Thought you were selling?


----------



## bkvj (Feb 13, 2006)

very cool pictures.

i somehow always like pictures which are taken in parking garages or at industrial places at night....it gives something to the car...


----------



## M19 GTR (May 26, 2002)

Hey Guy, some how i recognize that place...lol.
Was that taken back then or is it back there now?

Tony


----------



## hyrev (Apr 30, 2004)

looks like a nuclear bunker, like where they take the President in the
event of a war, or perhaps a missile silo


----------



## gtrlux (Mar 8, 2006)

It's a missile silo . .you not seeing the missile?


----------



## GTuned (Mar 21, 2002)

Hey guys, thanks for the comments!
Happy new year to all!

Paul: Technically it is still for sale, though quite difficult to sell something like it.

Tony: It is back again, and running quite well (0.9 Bar). Holinger installed too 



gtrlux said:


> It's a missile silo . .you not seeing the missile?


Awesome comment!


----------



## M19 GTR (May 26, 2002)

sweet.


----------



## NuttyRB26 (Jul 9, 2006)

That pic is awesome, agree with james to say it does look like it's in silnet hill or something like that.  :smokin:


----------



## davewilkins (Jun 30, 2001)

Hi Guy. Never have popped in to see you as it years since I visited Cyprus.
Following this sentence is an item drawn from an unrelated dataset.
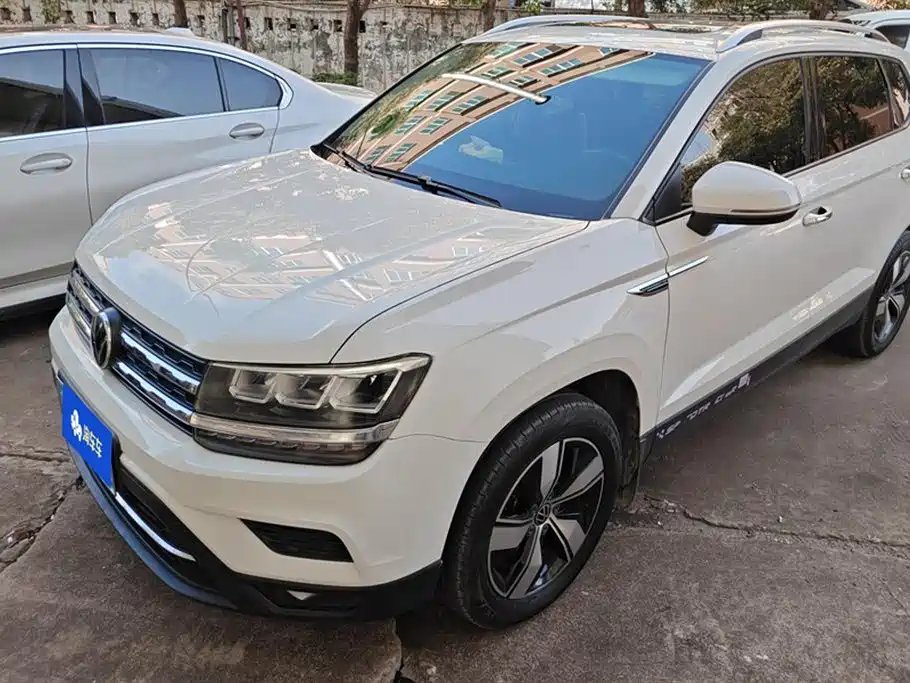 Volkswagen Tharu 2021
Unfortunately we discovered Santorini 
Some friends are having a house built and moving there (or rather her husband is moving back) and so we will be visiting them (and maybe you!).
Dave


----------



## evo3 (Dec 13, 2006)

Do you have more pics of the car?


----------



## M19 GTR (May 26, 2002)

Here are few pics i have of the Beast,


























Tony


----------



## gtrlux (Mar 8, 2006)

Looks really great in red. . .and very clean by the way, nice reflections in the first pic.:bowdown1:


----------



## Rain (Apr 8, 2006)

Cyprus! HA! 

My folks are down there, and i got my car coming down sometime in march-ish. How easy was it for you to get it in ? Are the cops still pulling over any nice cars they see


----------



## GTuned (Mar 21, 2002)

Dave: Do let me know if you're dropping by the island. Always glad to meet fellow enthusiasts.

gtrlux: Thanks! One word mate.. Teflon ;-)

Tony: Where did you dig those out from.. wow, forgot about some of those pics.. Time to get my website properly sorted out!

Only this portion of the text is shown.